Решившиеся на этот рискованный шаг общались в основном между собой, образуя очень замкнутый круг. Это сообщество было разделено на градации: только начинающие думать об эмиграции, в той или иной в мере созревшие для нее, уже собирающие документы для подачи в ОВИР и, наконец, ожидающие ответа властей. Разрешат? Откажут? Ждать можно было месяц, три месяца, полгода – никакого регламента не существовало и жаловаться было бесполезно, да и некому.
Братство людей, объединенных идеей эмиграции, на поверку не было прочным. Настоящие мотивы отъезда из страны легко обнаруживались, когда человек оказывался за ее пределами.
Недавно ушедший от нас Леонид Владимиров – Леонид Владимирович Финкельштейн, сам попросивший в 1966 году политическое убежище в Англии и полвека проживший там, работая на радио «Свобода» и «Би-би-си» – вспоминал, как к нему обращались за советом два приезжавших в Лондон очень известных в СССР человека. И состоявшийся на Западе радиожурналист и литератор (кстати, большой любитель шахмат) дал обоим единственно верный совет: уклонился от совета. Как можно заглянуть в душу другого, как увидеть, что им движет? Ведь эмиграция – не для слабых духом, и я встречал за пределами России неожиданно счастливых или несчастных людей, не только потому, что Запад оказался другим, чем виделся издалека, когда они находились в СССР, но и главным образом потому, что эмиграция вскрыла действительные причины их отъезда.

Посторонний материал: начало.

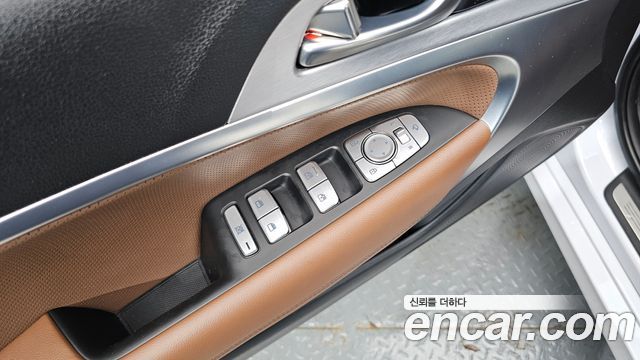 Genesis G70 2019 — photo 19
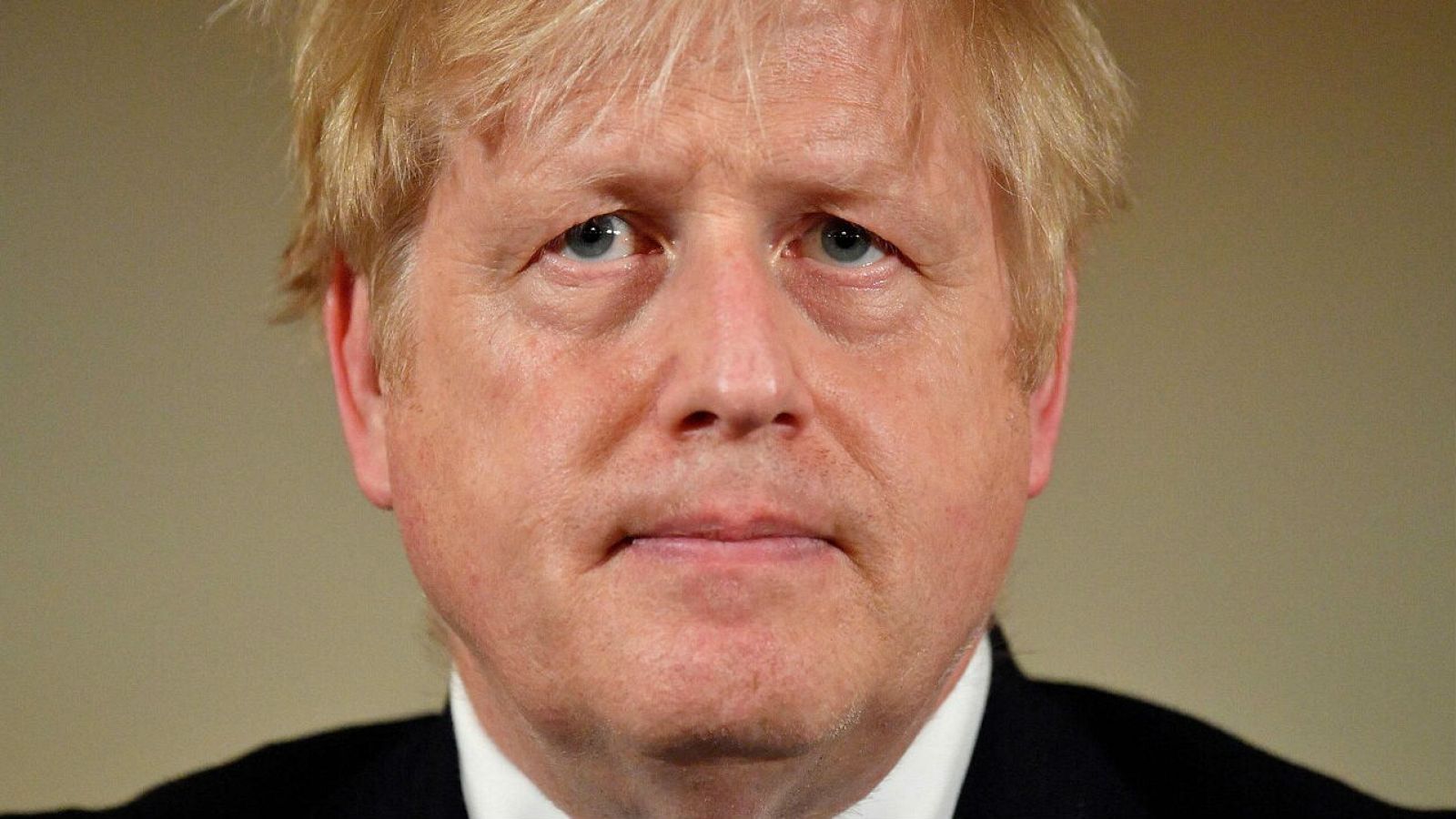 Boris Johnson se encuentra estable en la UCI por coronavirus mientras Reino Unido registra su mayor número de muertos en un día - RTVE.es - Telediario 1 | Ver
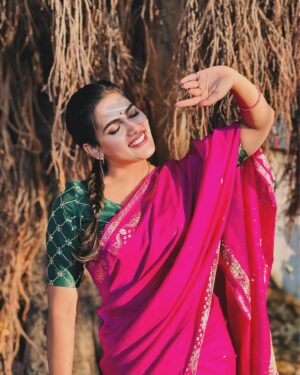 Sriya Surendran Instagram - Love is an irresistible desire to be irresistibly desired.!✨
PC: @archana_kumaar ❤️
.
.
.
#viral #trending #tamilsongs #saree #sunlight #temple #happiness #bright #smiles #candid #aesthetic #kerala #tamilnadu #actor #megha #set #location #chellamma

Тернистый путь эмиграции из Советского Союза начинался с преодоления страха, и только потом можно было думать о практических шагах. Самый первый из них – получить приглашение из Израиля. Вызовы часто пропадали, приходилось заказывать еще раз, и еще, тем более что в ОВИРе требовали предъявить не только само приглашение, но и конверт, в котором оно пришло по почте (чтобы исключить передачу вызова иным путем – КГБ должен был контролировать всё!).
В подавляющем большинстве случаев у решившихся эмигрировать родственников в Израиле не было, и приглашение приходило от незнакомого лица. Я, к примеру, получил вызов от четвероюродной тети, которую в жизни не видел, но с которой, оставляя в Ленинграде маму и сестру, жаждал «воссоединиться на исторической родине».
Прошу прощения у читателей, что вынужден заниматься столь подробным объяснением советских реалий, но без понимания той кафкианской атмосферы повествование может оказаться неверно понятым, если понятым вообще. Впрочем, а какое время в России не является кафкианским? Может быть, сегодняшнее?..
Власти, разумеется, прекрасно понимали, что «объединение семей» не более чем фикция, но отношения с Соединенными Штатами в немалой степени зависели от еврейской эмиграции из страны, и если в выезде и отказывали, то под предлогом причастности к государственным тайнам или по какой-либо другой причине (реальной или вымышленной), но никогда – из-за фиктивности родства.
Помню множество частушек, начавших гулять в то время.
А у этой строки, перекликающейся с популярной тогда песней Эдит Пиаф, автор известен. Это экспромт Иосифа Бродского: «Падам, падам, падам. Падам документы в ОВИР».